→ **Directions for this task**
Without pictures, output exactly the lines running from the line containing "HOT HONEY Emblem" to the end of the listing below.

→ **Input data**
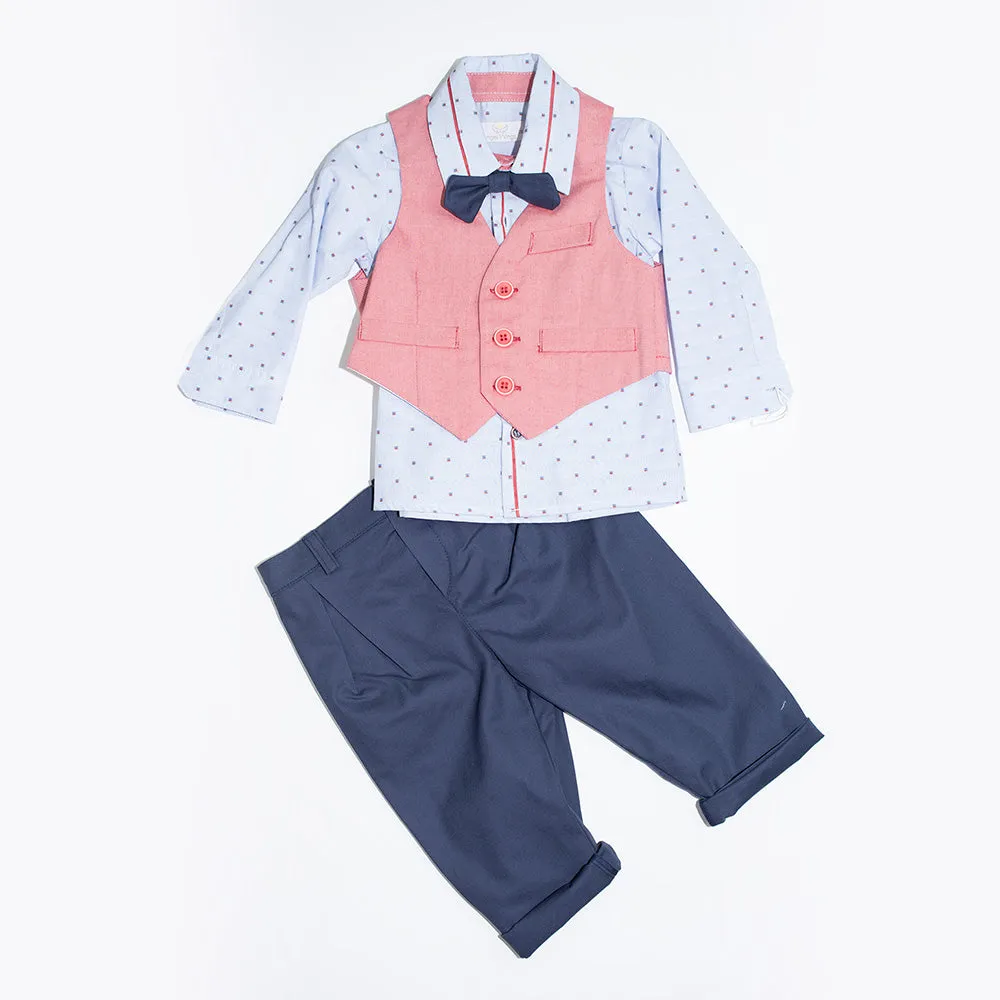 Angel Baby 4 Piece Red/Navy Suit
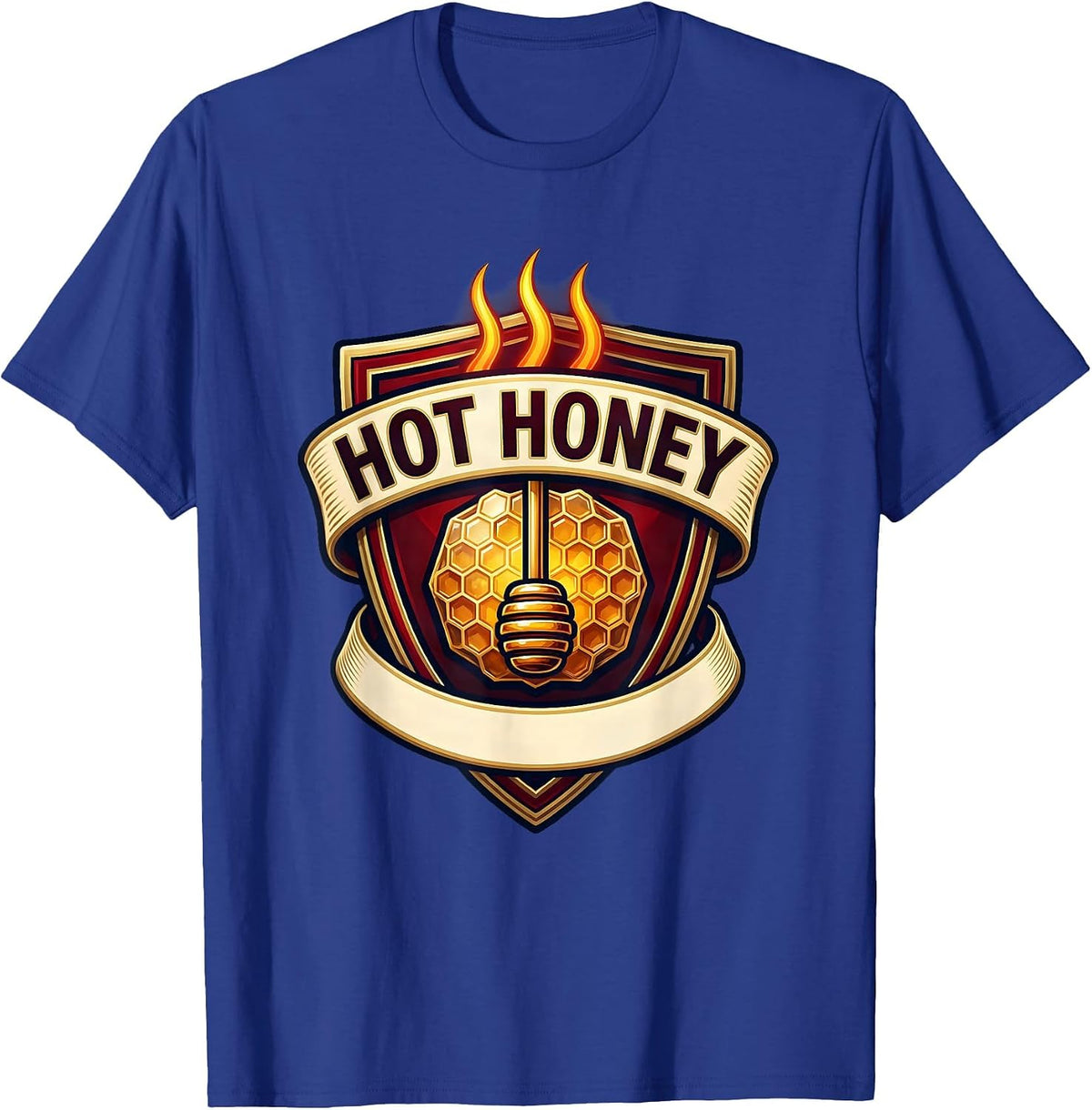 HOT HONEY Emblem Halloween Condiment Group Costume Parody T-Shirt - Royal Blue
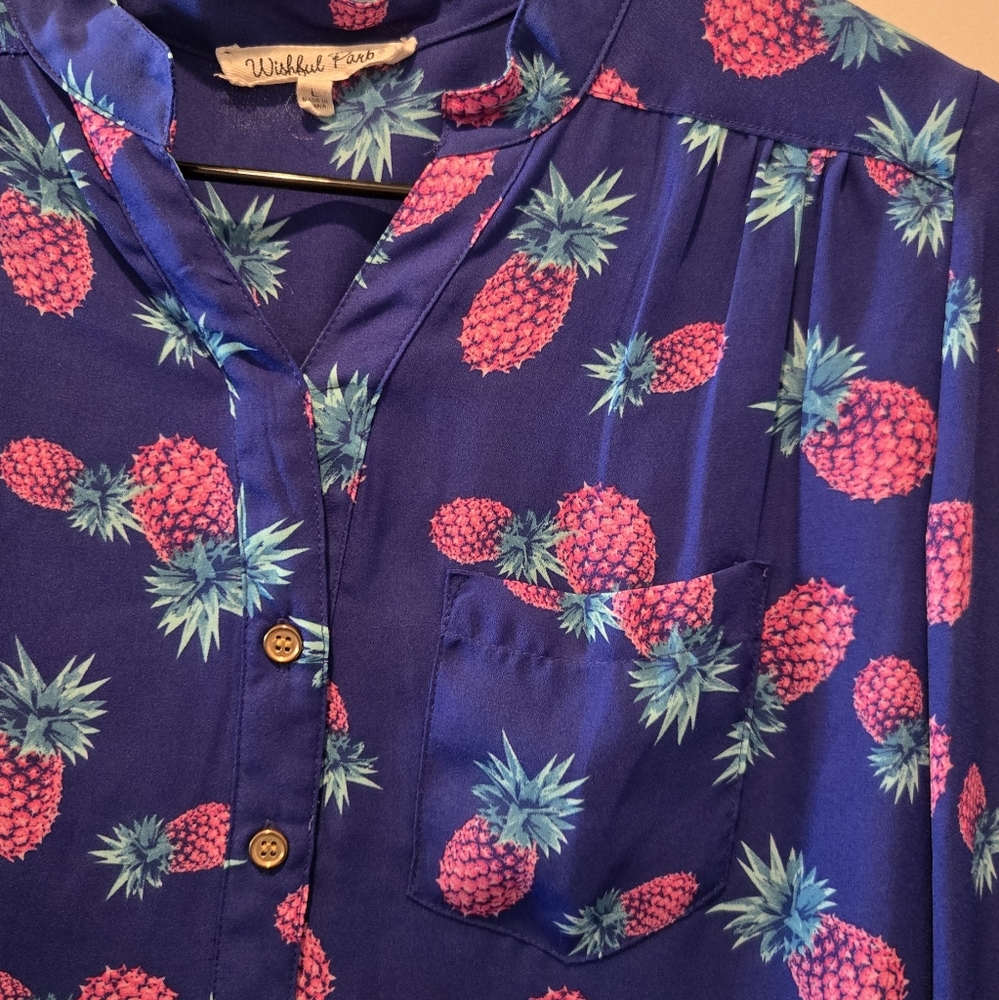 Wishful Park Blue Buttoned Blouse with Mandarin Collar - Picture 3 of 9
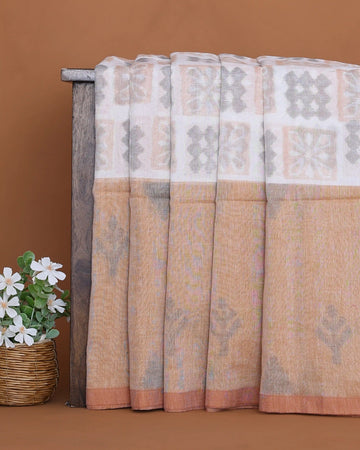 Khadi Cotton Saree with Geometric Butta Motifs Floral Woven Panel and Checked Pallu – Brown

→ **The answer**
 HOT HONEY Emblem Halloween Condiment Group Costume Parody T-Shirt - Royal Blue
 Wishful Park Blue Buttoned Blouse with Mandarin Collar - Picture 3 of 9
 Khadi Cotton Saree with Geometric Butta Motifs Floral Woven Panel and Checked Pallu – Brown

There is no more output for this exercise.